* What is needed *
With pictures left out, set down exactly the lines from the line containing "Cavalier King Charles" through the last line of the data.

# # # # #

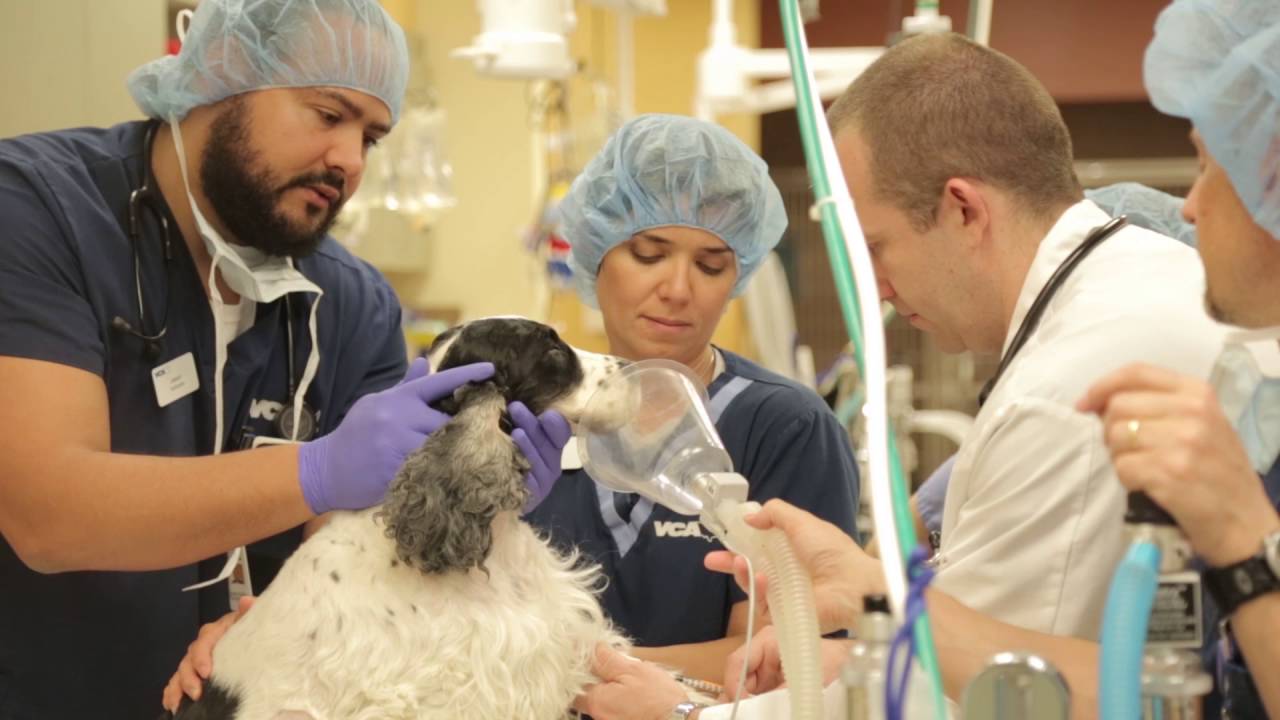 vca emergency animal hospital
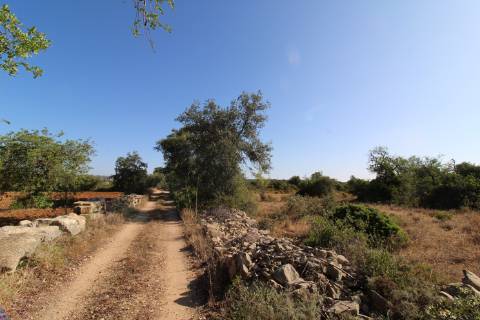 Terreno Rústico com 6840 m2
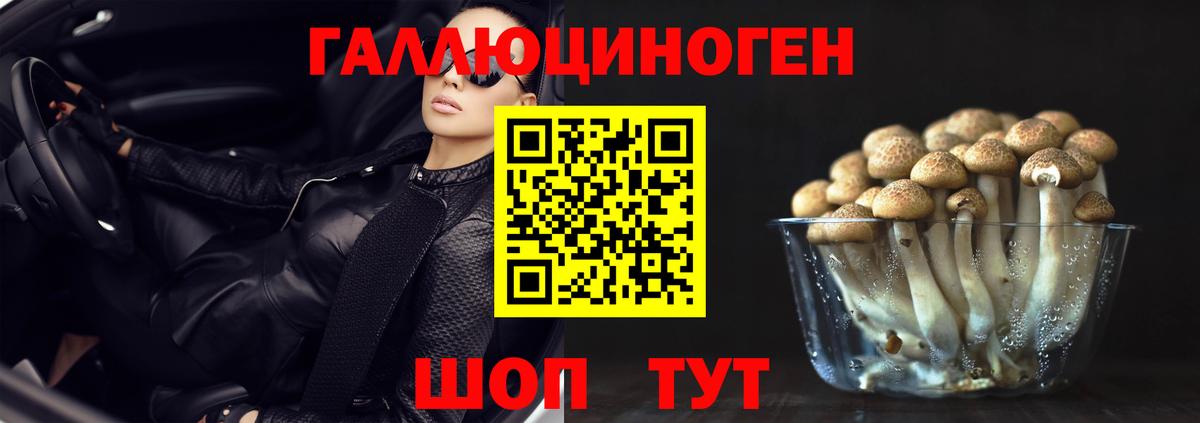 Псилоцибиновые грибы Psilocybe  Вход с VPN  Псилоцибиновые грибы Psilocybe  Бугульма 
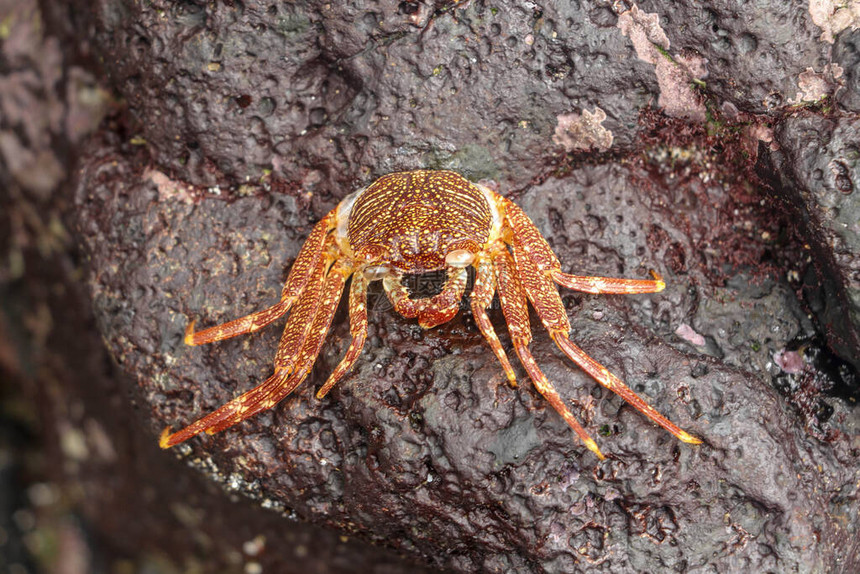 美丽多彩的莎莉鱼红蟹在加拉帕戈斯的圣克里斯托瓦尔拍摄的自然野生动物螃蟹在深色背景的岩石上休息自然界中的野生动物关图片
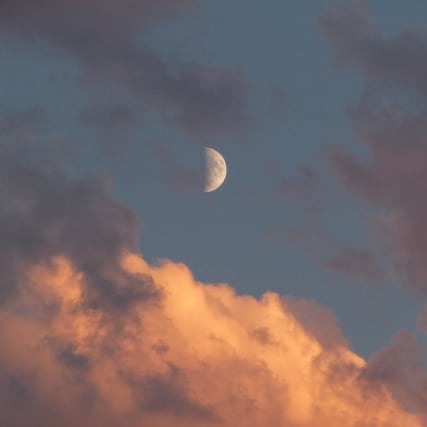 Neumond im Stier: Zeit, die Fülle zu nutzen!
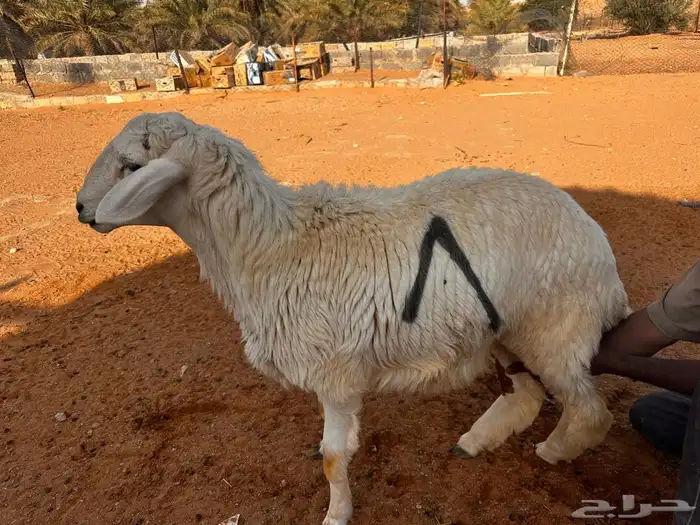 حريات ناهيه 3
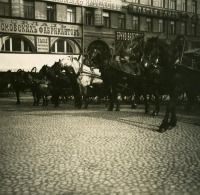 Санкт-Петербург - Лошадь старая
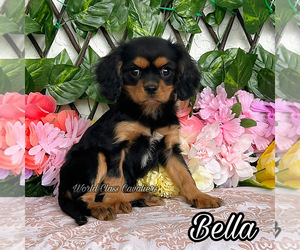 Cavalier King Charles Spaniel Puppy for sale in MIAMI, FL, USA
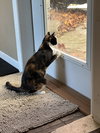 Franny - Photo 1
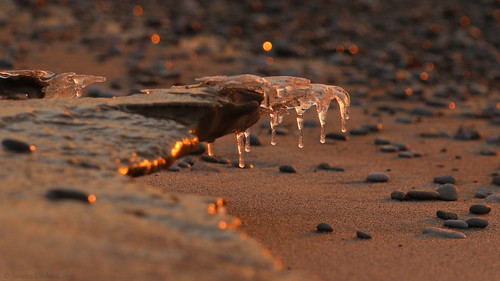 ice beach sunrise sand dof bokeh icicles pickering pickeringontario pickeringon sandragilchrist pickeringharbour
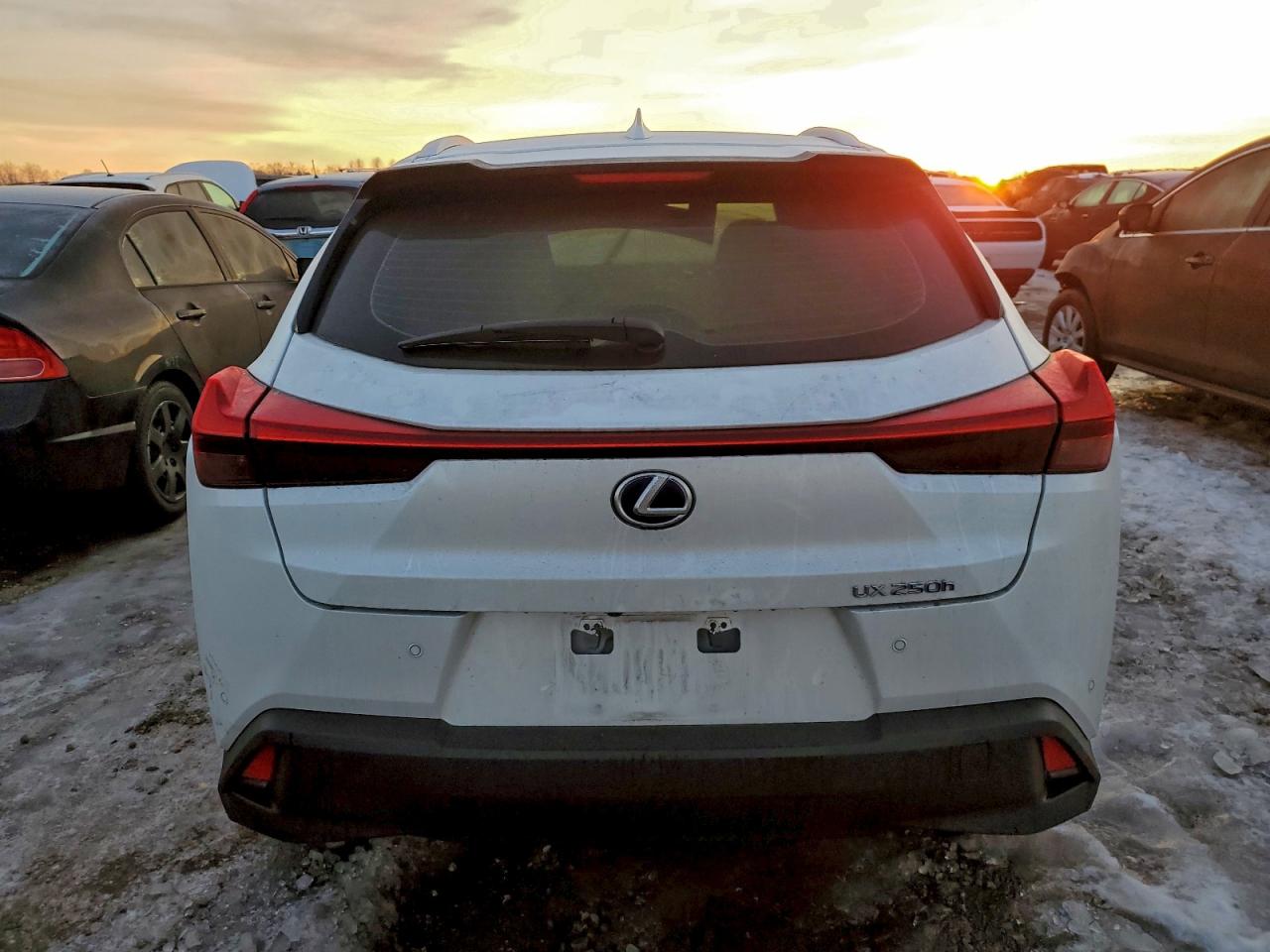 2020 LEXUS UX 250H photo 11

# # # # #

* Exercise output *
 Cavalier King Charles Spaniel Puppy for sale in MIAMI, FL, USA
 Franny - Photo 1
 ice beach sunrise sand dof bokeh icicles pickering pickeringontario pickeringon sandragilchrist pickeringharbour
 2020 LEXUS UX 250H photo 11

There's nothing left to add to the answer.